Children with obesity should be evaluated and treated early and aggressively, including medications Surgery for children up to 12 years and children up to 13 years, Under the new guidelines issued on Monday.
The longstanding practice of “watchful waiting” or delaying treatment to see if children and teens grow out of obesity on their own makes the problem worse. affects more than 14.4 million youth in the US, If left untreated, obesity can lead to lifelong health problems. , including high blood pressure, diabetes and depression.
“wait doesn’t work”, Co-author of the first childhood obesity guideline in 15 years from the American Academy of Pediatrics, Dr. Ihuoma Eneli said. “What we see is a continuation of weight gain and the likelihood that they will have[obesity]in adulthood.”
For the first time, the group’s guidance sets out the ages at which medical treatments such as medicine and surgery should be offered to children and adolescents.In addition to intensive diet, exercise, and other behavioral interventions and lifestyle, said Anneli, director of the Center for Healthy Weights. and nutrition at the National Children’s Hospital.
In general, physicians should provide obese adolescents 12 years of age and older with access to appropriate medications and refer severely obese adolescents to weight loss surgery, although circumstances may vary.
Guidelines aim to rehabilitate wrong view of obesity “a personal problem, perhaps a failure of the individual’s diligence”, Medical director of the AAP Institute for Healthy Childhood Weight and co-author of the guidelines, Dr. Sandra Hassink said. ,
“It’s no different than having asthma, and now we have an inhaler for you,” Hasink said.
young people who have a body mass index that reaches or exceeds the 95th percentile for children of the same age and sex is considered obese. Children who reach or exceed the 120th percentile are considered severely obese. BMI is a measure of body size based on a calculation of height and weight.
According to the Centers for Disease Control and Prevention, obesity affects about 20% of children and adolescents and about 42% of adults in the US.
Aaron Kelly, MD, co-director of the Center for Pediatric Obesity Medicine at the University of Minnesota, said the group’s guidance takes into account that obesity is a biological problem and that the condition is a complex chronic disease.

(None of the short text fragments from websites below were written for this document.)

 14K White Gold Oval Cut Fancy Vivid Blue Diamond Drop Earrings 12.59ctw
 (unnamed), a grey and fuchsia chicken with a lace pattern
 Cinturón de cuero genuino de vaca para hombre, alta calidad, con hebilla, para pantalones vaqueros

“Obesity is not a lifestyle problem. It is not a lifestyle disease.” Told. “It emerges primarily from biological factors.”
The guidelines come as new drug treatments emerge for obesity in children, including the approval late last month of Vegovy, a weekly injection, for use in children 12 years and older. Different dosages of the drug, called semaglutide, are used under different names to treat diabetes. A recent study published in the New England Journal of Medicine found that Vegovy, made by Novo Nordisk, helped teenagers reduce their BMI by an average of 16%, which is better than adults.

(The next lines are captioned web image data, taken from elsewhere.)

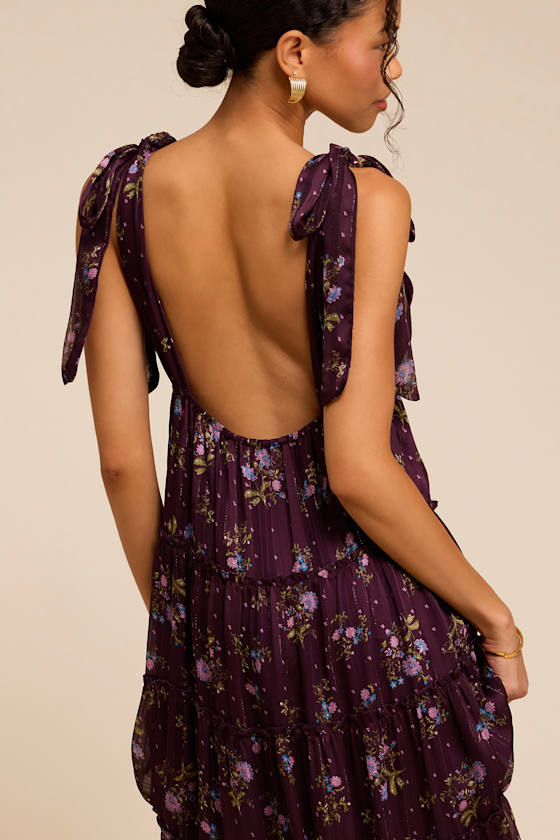 Daylin Plum Floral Tie-Strap Midi Dress - thumbnail 5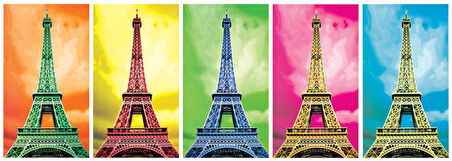 Kız Erkek Çocuk Oyuncak KS Puzzle 1000 Parça Panoramik Pop Art Eyfel Kulesi Kız Erkek Çocuk Oyuncak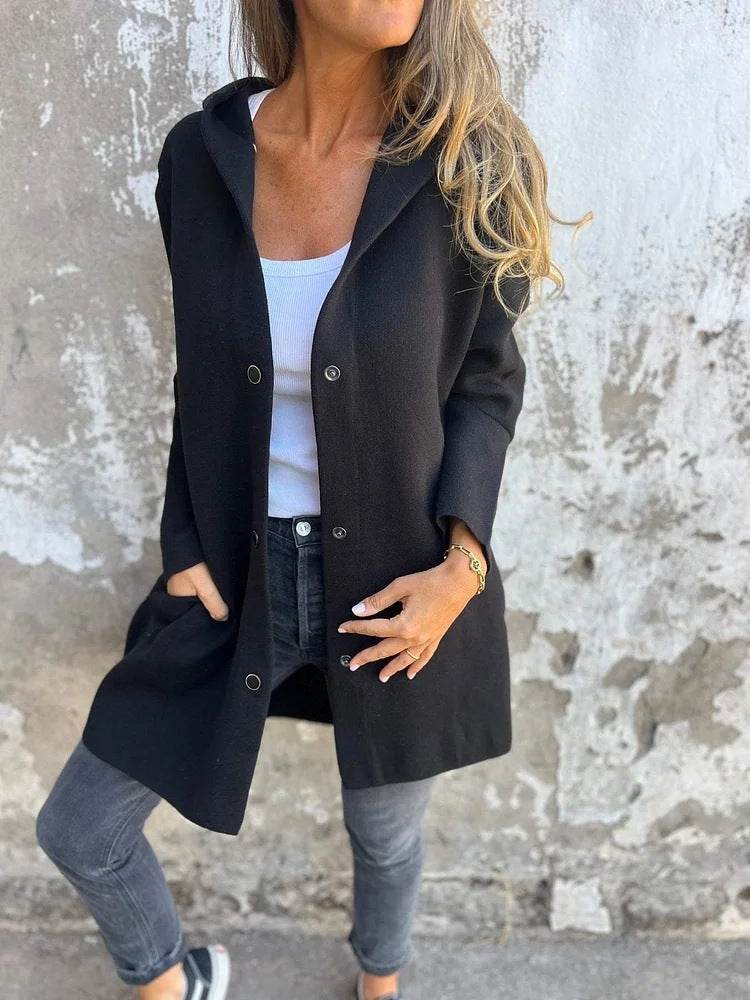 Casual Hooded Single-Breasted Cardigan Fashion Loose Solid Color Jacket Spring And Autumn Women's Clothing - Velora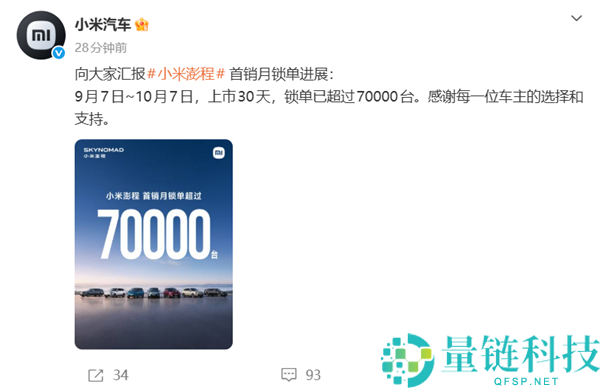 小米澎程上市首月战报：7万人排队掏钱，30天锁单超70000台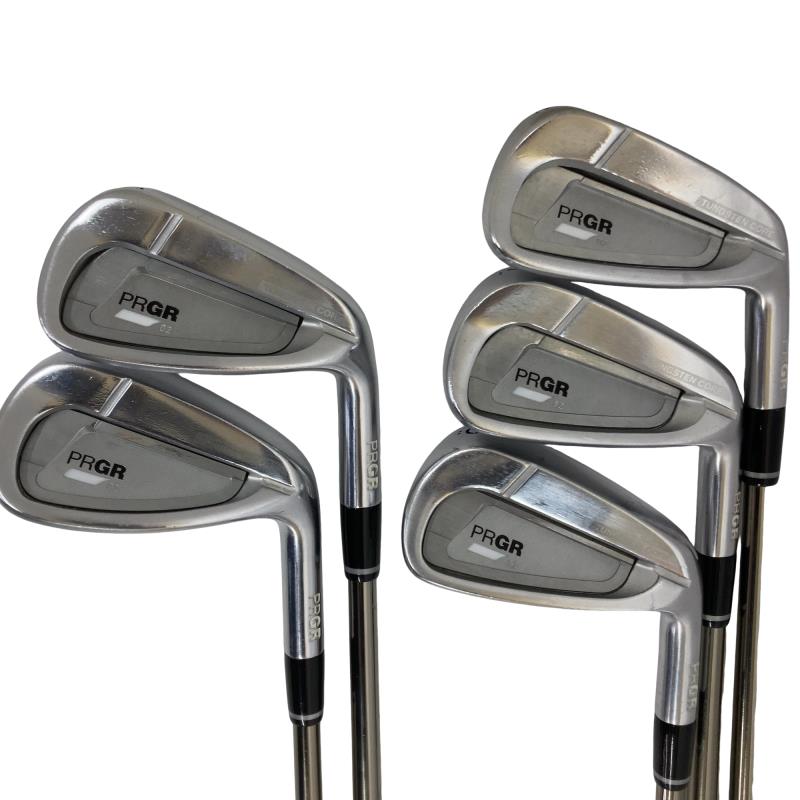 【中古】 プロギア PRGR 02 5S アイアンセット IR 純正特注シャフト (フレックスS) メンズ 男性用 右利き 右用 Cランク ゴルフクラブ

Within days of the December 23 authorization, pediatrician Dr. Claudia Fox prescribed the drug to one of her patients, a 12-year-old girl.

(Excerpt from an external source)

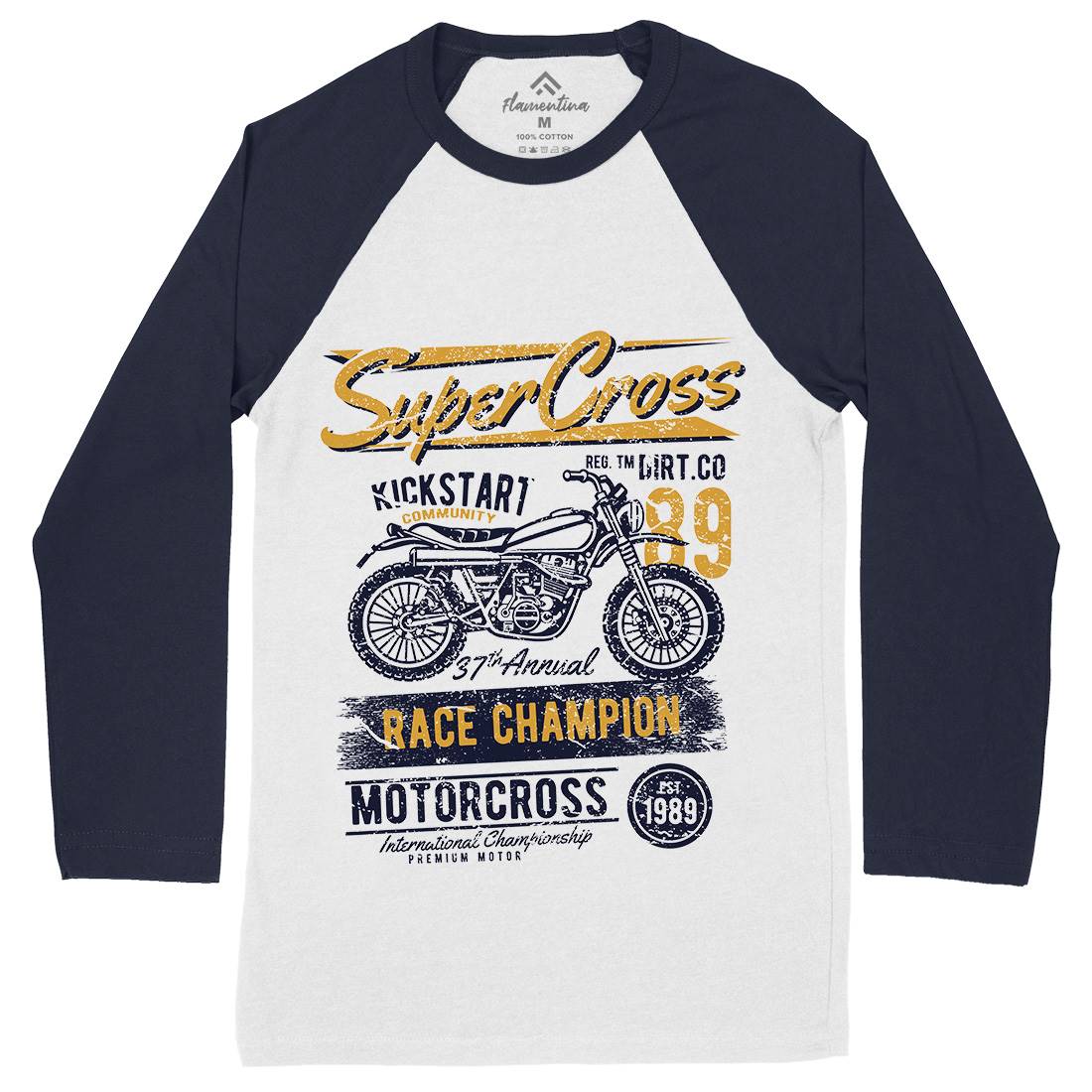 Super Cross Mens Long Sleeve Baseball T-Shirt Motorcycles A165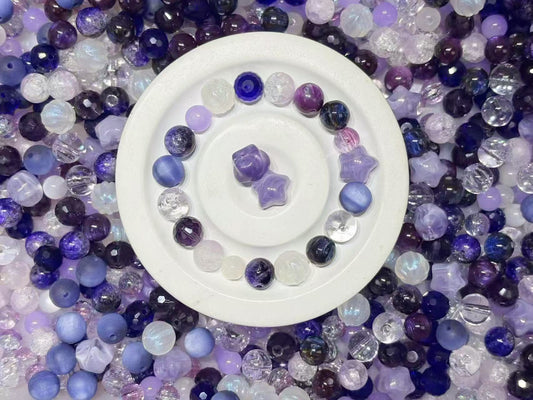 12.18【FB003】アメジストの夢（高品質ビーズ約10種類、色チェンビーズ入り、少量販売中）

“It offers patients the possibility of having a near-normal body mass index,” said Fox, a weight-management expert at the University of Minnesota. “It’s like a whole other level of growth.”
Obesity researcher Dr. Justin Ryder at Chicago’s Lurie Children’s Hospital said the drug affects the way energy is regulated between the brain and the gut.
“It works with how your brain and gut communicate with each other. And it helps you feel fuller than you would otherwise,” he said.
Still, specific doses of semaglutide and other anti-obesity drugs have been hard to come by due to manufacturing issues and recent shortages due to high demand, claims of weight loss by celebrities on TikTok and other social media platforms Is.
Plus, many insurers won’t pay for the drug, which costs about $1,300 a month. Fox said, “I submitted the prescription yesterday. I’m not holding my breath because insurance will cover it.”
An expert on pediatric obesity has warned that while obese children should receive early and intensive treatment, he worries that some doctors resort to drugs or surgery too quickly.
“It’s not that I’m against drugs,” says Dr. Robert Lustig said. “I am against the voluntary use of these drugs without addressing the cause of the problem.”
Lustig said children need to be assessed on an individual basis to understand all the factors that contribute to obesity. Excessive sugar has long been blamed for the rise in obesity. He urges paying close attention to diet, especially ultra-processed foods that are high in sugar and low in fiber.
Dr. Stephanie Byrne, a pediatrician at Cedars Sinai Medical Center in Los Angeles, said she would like more research into the drug’s effectiveness in a more diverse group of children and potential long-term effects before prescribing it routinely.
“I would like to see it used a little more consistently,” he said. “And you have to come in often to keep an eye on that patient.”
Also, they welcomed the group’s new emphasis on rapid and intensive treatment of obesity in children.
“I definitely think it’s a realization that diet and exercise are not working for many teens who are struggling with this, probably the majority,” she said.